CALIFORNIA DRILLIN': California environmentalist groups are suing the state agency overseeing oil drilling over practices alleged to threaten water supplies, Reuters' Rory Carroll reports. The Center for Biological Diversity and Sierra Club wants California's Division of Oil, Gas and Geothermal Resources “to halt oil industry injections of drilling wastewater into nearly 500 wells” and “to stop allowing oil companies to inject steam at about 2,000 additional wells injecting into aquifers,” Carroll writes. “DOGGR has ordered the shutdown of a total of 23 wells where wastewater was being injected into aquifers protected by federal law and is conducting a review of additional wells to determine their impact on water supplies,” reports Carroll, but the plaintiffs contend that such actions are insufficient to protect the state's water sources.
NO JUSTICE FOR LAW GRADS: Well, at least no Supreme Court justices, writes the NLJ's Karen Sloan. “One or two justices typically speak during law school or university commencement ceremonies each year, or show up to receive honorary degrees. It's possible that still might happen, as a few schools have not announced their plans.

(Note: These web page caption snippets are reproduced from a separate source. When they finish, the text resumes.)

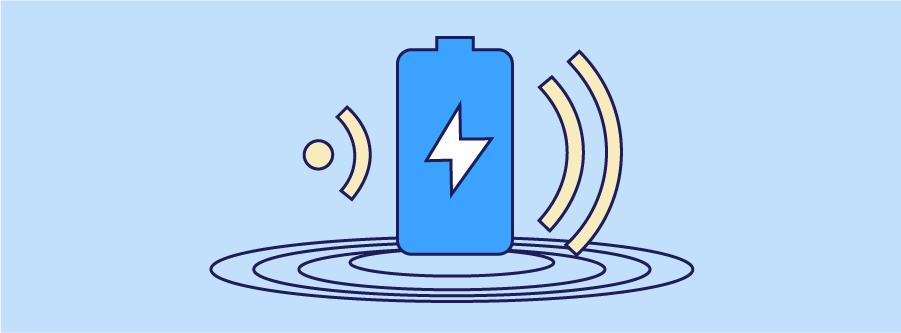 经常开关机对手机好吗,空调经常自动开关机是什么原因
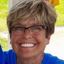 Jamie Andrews State Farm Agent Team Member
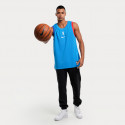 Nike ΝΒΑ N31 Dna Tank Men's Basketball Jersey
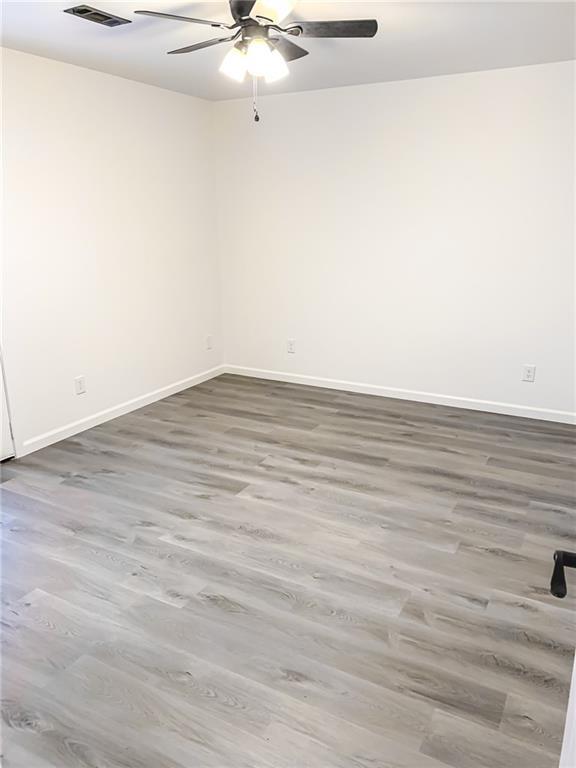 Foto del edificio - 2579 E Ferguson Ave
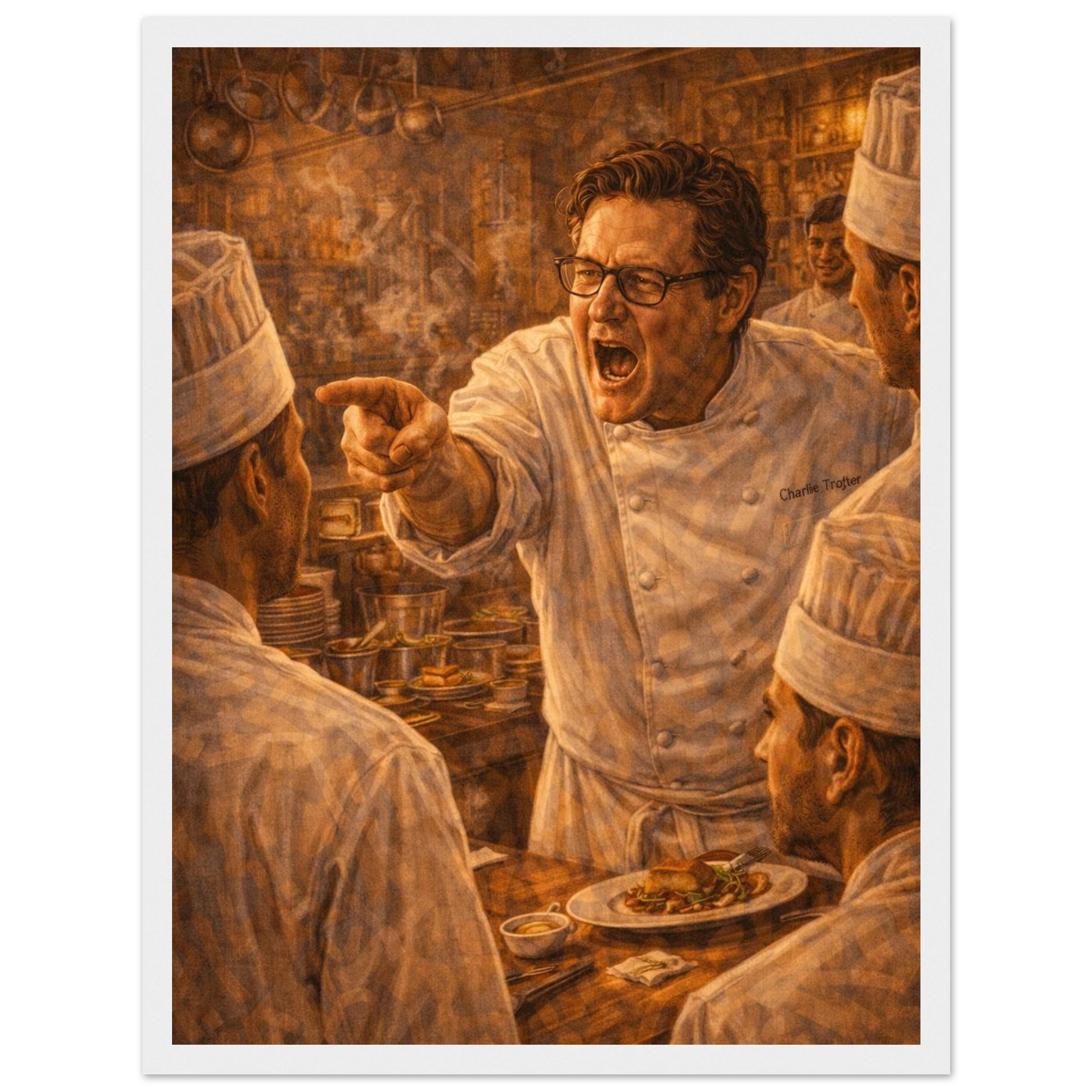 d270062b-b493-4e30-8575-75cd4375cf6e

However, law schools tend to trumpet landing a Supreme Court justice far in advance of graduation.” Sloan reports that graduating classes and their families across the country won't be totally at a loss: Preet Bharara, U.S. attorney for the Southern District of New York, plaintiffs attorney Mark Lanier of the Lanier Law Firm, U.S. Solicitor General Donald Verrilli Jr., and former Attorney General Eric Holder Jr. are among the speakers at law school commencements this summer, with several visiting more than one commencement.

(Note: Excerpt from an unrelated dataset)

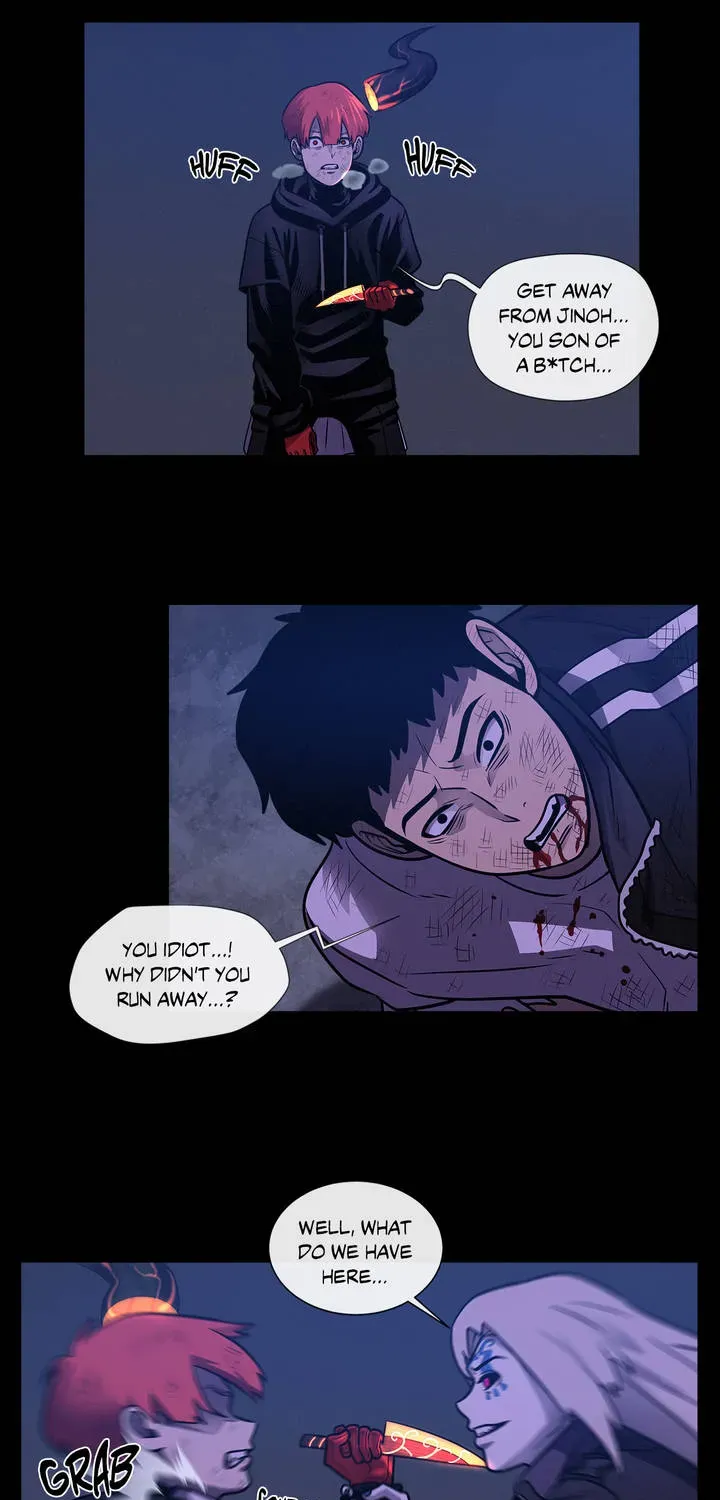 Chapter 38 — page 77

CLOSING ARGUMENTS: Lawyers for HBO and the Mitre gave their closing arguments to the jury that will be deciding whether the premium cable company defamed the soccer giant in a Real Sports With Bryant Gumbel report from 2008 showing child laborers hard at work assembling Mitre soccer balls. “The closing arguments Thursday—each side had three hours—presented competing versions of a story about exploitation, diligence and honor. At times, it almost seemed like the sides were arguing whether child labor was still a big problem rather than whether the HBO report was defamatory. Other times, the attorneys zeroed in on the report itself and meticulously deconstructing practically every image and word in a fashion that would (or should) give most journalists the shivers,” reports Eriq Gardner of the Hollywood Reporter's THR, Esq. blog. Judge George B. Daniels of the U.S. District Court for the Southern District of New York will deliver jury instructions Friday morning.